____ DATA PROVIDED
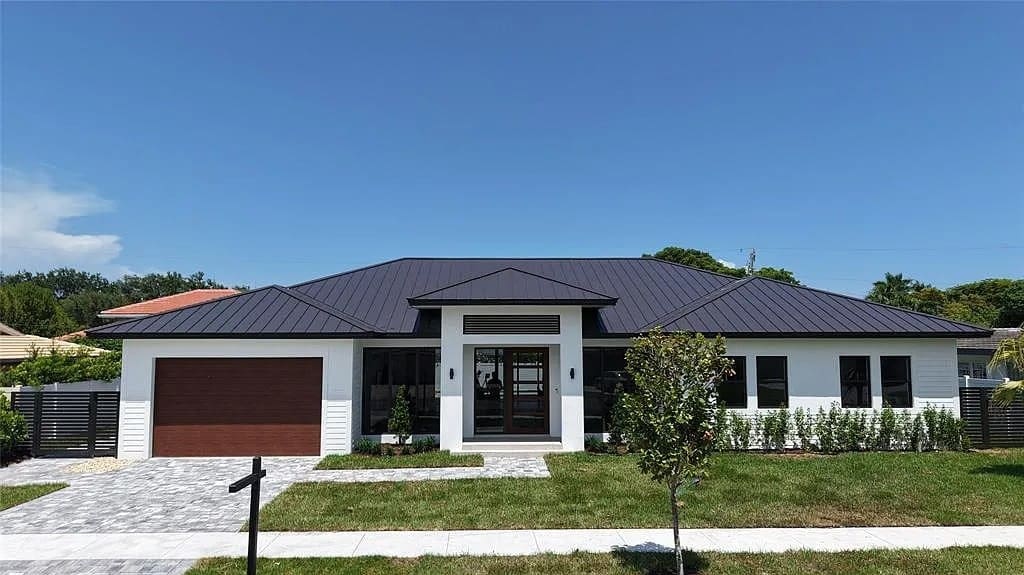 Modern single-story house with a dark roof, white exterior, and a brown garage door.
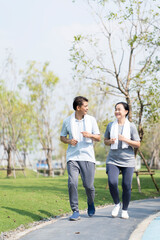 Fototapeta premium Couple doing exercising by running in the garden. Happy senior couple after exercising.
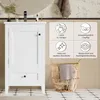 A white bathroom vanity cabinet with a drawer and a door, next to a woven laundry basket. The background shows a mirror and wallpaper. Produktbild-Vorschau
________
- **YOUR TASK**: In your answer, repeat the material above in full, exactly, and without its pictures.

- **EXERCISE SOLUTION**:
 Modern single-story house with a dark roof, white exterior, and a brown garage door.
 Fototapeta premium Couple doing exercising by running in the garden. Happy senior couple after exercising.
 A white bathroom vanity cabinet with a drawer and a door, next to a woven laundry basket. The background shows a mirror and wallpaper. Produktbild-Vorschau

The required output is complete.